The PRS-style body
and neck were purchased on Ebay. The neck is mahogany with a
rosewood fretboard, 24.75 inch scale. The body is mahogany capped
with maple. The pickups are Seymour Duncan P-Rails with Triple-Shot mounts,
providing the choice of series humbucking, parallel humbucking, soapbar
single-coil, and rail single-coil. The bridge is a Gotah
Wilkinson Tremolo, and the tuners are Planet Waves auto-trim locking
tuners. There are coaxial tone and volume controls for each
pickup, and a 3-position selector switch.
I originally attempted
a 3-tone dragonburst (yellow-green-blue) hand-rubbed finish, but that
didn't go well at all, so I sanded it out. I next mixed a
gorgeous red-violet stain and applied that. Alas, I could never
get a satisfactory finish with this either; some spots on the maple
took up the stain really hard, while other areas practically repelled
it. And the grain pattern of the maple was pretty pedestrian in
the first place. So I sanded all that out again, sprayed on a few
layers of metallic navy blue, then tediously ironed-on some holoflash
film, like they used on the original Kramers in the 1980s. The
headstock initials were printed using a calligraphic pen and navy ink.

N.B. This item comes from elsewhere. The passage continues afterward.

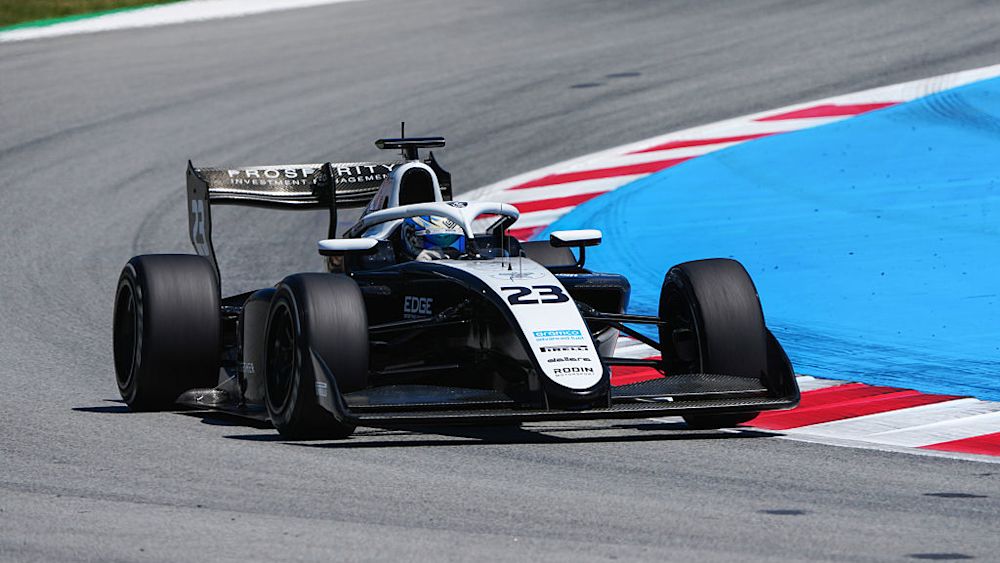 Voisin finished the Barcelona Feature Race in 10th for Rodin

On top of that went 25 coats of wipe-on polyurethane. This
produces a nice rainbow effect that changes as light hits it from
different angles; these photos don't really do it justice.
The
guitar is quite heavy, which I rather like, and given the multiple
pickup variations available, it has a broad assortment of sounds.
The series humbucking sound is fat, but not quite a bright as a
Les Paul. The soapbar setting is nicely punchy on the bridge
pickup, and just bright enough not to sound muddy on the neck pickup.
The rail single coil has some bite; usable, but not a standout.
The real gem here is the parallel humbuckers. While lower
in output, they are bright and jangly, yet dirty up nicely when you
crank up the gain. And you get a bit of the Strat "in-between"
vibe on each pickup by itself. You're tempted to play for hours
just to fiddle with the various sounds. The versatility of having
both series and parallel humbucking sounds is so cool I'll probably try
to do this on any future humbucking model.